Anatomy of a gamble - Risk - neurological reactions - Brief Article
USA Today (Society for the Advancement of Education), August, 2002
Within about a quarter of a second after we see the outcome of a gamble, our brains have processed whether we've won or lost, according to a University of Michigan, Ann Arbor, study. Moreover, choices about the next wager made a few seconds after losses are riskier than those made after gains, providing an apparent neurological counterpart of the gambler's fallacy--the misguided belief that a win is bound to follow a string of losses.
Conducted by assistant professor of psychology William J. Gehring and doctoral student Adrian R. Willoughby, the study confirms the unsettling existence of neurological activity that quickly, automatically, and unconsciously evaluates the significance of choices we have made, then guides our subsequent decisionmaking.
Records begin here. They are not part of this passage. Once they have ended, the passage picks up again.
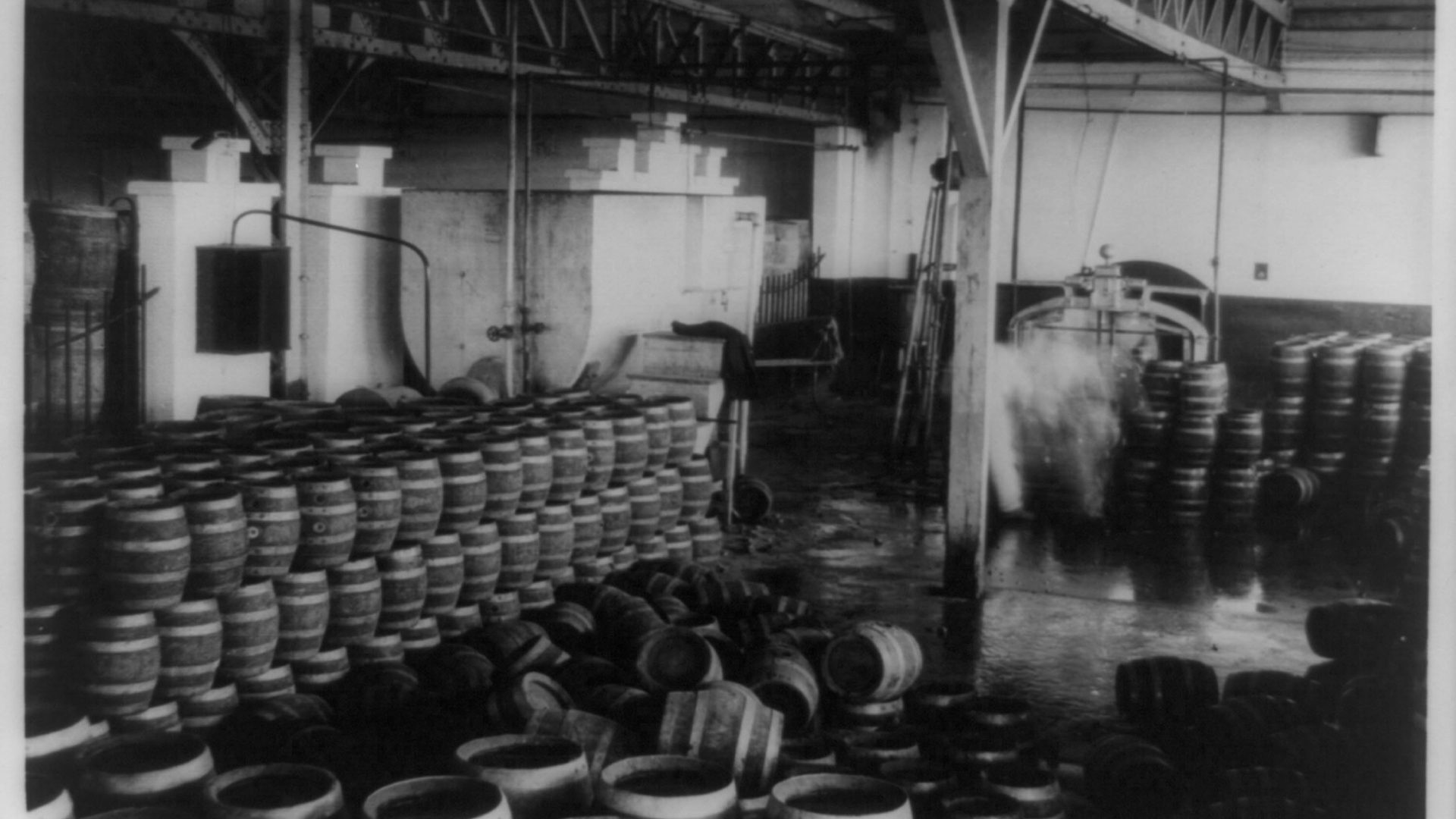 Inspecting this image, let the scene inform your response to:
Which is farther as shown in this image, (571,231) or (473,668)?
(571,231)

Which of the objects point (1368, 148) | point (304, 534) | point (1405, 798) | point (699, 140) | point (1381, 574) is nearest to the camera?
point (1405, 798)

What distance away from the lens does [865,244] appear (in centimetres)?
2123

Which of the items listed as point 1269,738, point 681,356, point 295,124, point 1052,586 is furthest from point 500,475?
point 681,356

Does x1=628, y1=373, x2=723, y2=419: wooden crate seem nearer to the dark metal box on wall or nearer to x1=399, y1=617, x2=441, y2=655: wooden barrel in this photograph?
the dark metal box on wall

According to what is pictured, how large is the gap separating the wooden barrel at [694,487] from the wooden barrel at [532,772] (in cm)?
447

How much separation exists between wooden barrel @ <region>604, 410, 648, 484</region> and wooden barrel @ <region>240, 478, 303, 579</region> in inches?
104

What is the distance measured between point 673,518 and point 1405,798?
179 inches

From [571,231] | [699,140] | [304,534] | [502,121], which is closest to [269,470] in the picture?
[304,534]

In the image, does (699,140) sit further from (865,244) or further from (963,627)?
(963,627)

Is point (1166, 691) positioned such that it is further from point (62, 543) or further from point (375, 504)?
point (62, 543)

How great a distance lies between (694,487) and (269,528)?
3.77 meters

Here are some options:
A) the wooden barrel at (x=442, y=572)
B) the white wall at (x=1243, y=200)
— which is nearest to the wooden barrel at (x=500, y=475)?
the wooden barrel at (x=442, y=572)

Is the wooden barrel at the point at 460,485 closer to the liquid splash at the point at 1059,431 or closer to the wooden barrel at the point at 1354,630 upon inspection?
the wooden barrel at the point at 1354,630

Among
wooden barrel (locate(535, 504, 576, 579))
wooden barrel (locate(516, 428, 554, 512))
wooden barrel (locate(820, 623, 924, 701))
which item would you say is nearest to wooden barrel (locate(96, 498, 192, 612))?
wooden barrel (locate(516, 428, 554, 512)) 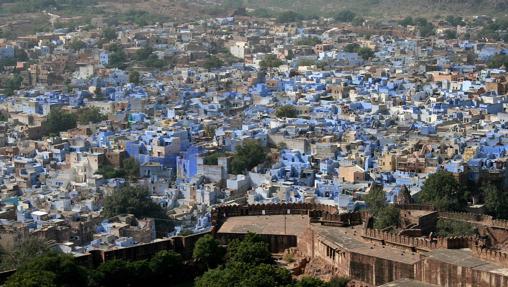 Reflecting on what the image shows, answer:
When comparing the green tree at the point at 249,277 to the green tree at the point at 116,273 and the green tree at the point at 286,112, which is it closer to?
the green tree at the point at 116,273

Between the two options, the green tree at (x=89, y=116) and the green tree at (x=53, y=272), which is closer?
the green tree at (x=53, y=272)

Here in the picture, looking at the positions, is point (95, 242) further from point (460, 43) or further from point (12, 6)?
point (12, 6)

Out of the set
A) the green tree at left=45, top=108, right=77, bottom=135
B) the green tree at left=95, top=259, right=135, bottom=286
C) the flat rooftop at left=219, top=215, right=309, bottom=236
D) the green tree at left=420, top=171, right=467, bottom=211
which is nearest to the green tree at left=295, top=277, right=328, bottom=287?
the flat rooftop at left=219, top=215, right=309, bottom=236

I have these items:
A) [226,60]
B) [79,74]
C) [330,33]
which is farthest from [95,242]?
[330,33]

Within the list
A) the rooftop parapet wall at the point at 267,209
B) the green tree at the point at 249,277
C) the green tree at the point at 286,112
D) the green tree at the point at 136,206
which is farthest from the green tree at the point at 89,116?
the green tree at the point at 249,277

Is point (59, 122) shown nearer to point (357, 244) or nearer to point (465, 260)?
point (357, 244)

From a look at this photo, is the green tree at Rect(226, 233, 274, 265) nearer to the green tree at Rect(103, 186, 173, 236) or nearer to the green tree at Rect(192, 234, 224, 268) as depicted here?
the green tree at Rect(192, 234, 224, 268) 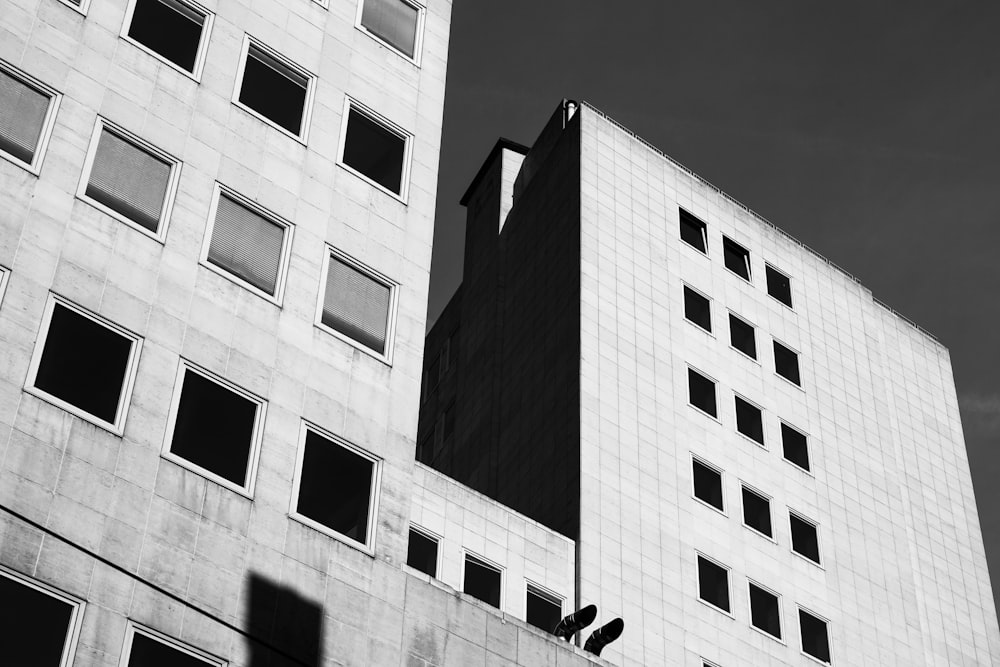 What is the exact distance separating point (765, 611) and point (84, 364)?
2958 cm

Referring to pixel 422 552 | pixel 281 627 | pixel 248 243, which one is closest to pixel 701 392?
pixel 422 552

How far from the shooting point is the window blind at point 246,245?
Result: 95.8 feet

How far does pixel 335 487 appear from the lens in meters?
28.2

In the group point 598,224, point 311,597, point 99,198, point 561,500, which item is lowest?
point 311,597

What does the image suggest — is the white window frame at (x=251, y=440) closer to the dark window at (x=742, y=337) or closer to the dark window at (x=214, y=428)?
the dark window at (x=214, y=428)

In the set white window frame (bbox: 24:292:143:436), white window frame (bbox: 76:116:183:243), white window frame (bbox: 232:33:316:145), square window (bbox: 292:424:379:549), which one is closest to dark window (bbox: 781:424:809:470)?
white window frame (bbox: 232:33:316:145)

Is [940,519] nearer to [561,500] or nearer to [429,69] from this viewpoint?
[561,500]

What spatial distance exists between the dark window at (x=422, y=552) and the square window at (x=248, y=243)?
13.5 m

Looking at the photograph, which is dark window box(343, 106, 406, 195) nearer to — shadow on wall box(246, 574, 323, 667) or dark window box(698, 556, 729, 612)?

This has implications for many quick decisions beyond those made in gambling casinos, including choices routinely made by pilots responding to cockpit indicators, traders checking stock prices, and physicians, police officers, or firefighters faced with life-threatening emergencies.
"The findings suggest that, in many situations, our brains rush to judgment," indicates Gehring. "They rapidly evaluate whether events are good or bad, and this judgment influences how we react." While economists have tended to assume that people make rational decisions, psychologists have long recognized that human decisionmaking is often irrational. Still, Gehring says, he was surprised by how quickly the brain reacted to gain or loss--within 265 milliseconds of seeing the outcome of a decision--and by how strong the gain or loss influenced the next choice people made a few seconds later.
Gehring and Willoughby used a measure of the brain's electrical activity known as event-related brain potentials (ERPs). Subjects, who wore electrode caps, were asked to pick one or two numbers (five or 25) during 24 blocks of 32 trials--making 768 gambling decisions in all. A second after they picked a number, the background changed to green for a win and red for a loss; then, a few seconds later, subjects were faced with another choice. After each pick, subjects won or lost five or 25 cents.
Analyzing the ERPs during this process, the researchers found a characteristic pattern of negative-polarity electrical activity that peaked about one-quarter of a second after participants learned whether they had won or lost. This ERP originated in the medial frontal cortex, either in or near the anterior cingulate cortex--a place deep in the brain behind the upper part of the forehead.
Previous work by Gehring and others has shown that similar ERPs are produced when subjects make errors. In the design of the current experiment, however, the researchers structured the gambling trials so that subjects could see what they would have gained or lost had they selected the other choice available to them. Making the other choice sometimes would have resulted in a loss greater than the loss subjects actually incurred, or a gain greater than the one they actually obtained. Yet, the researchers found that ERPs emanating from deep in the brain were triggered only by losses, not when subjects failed to choose the larger of two possible gains.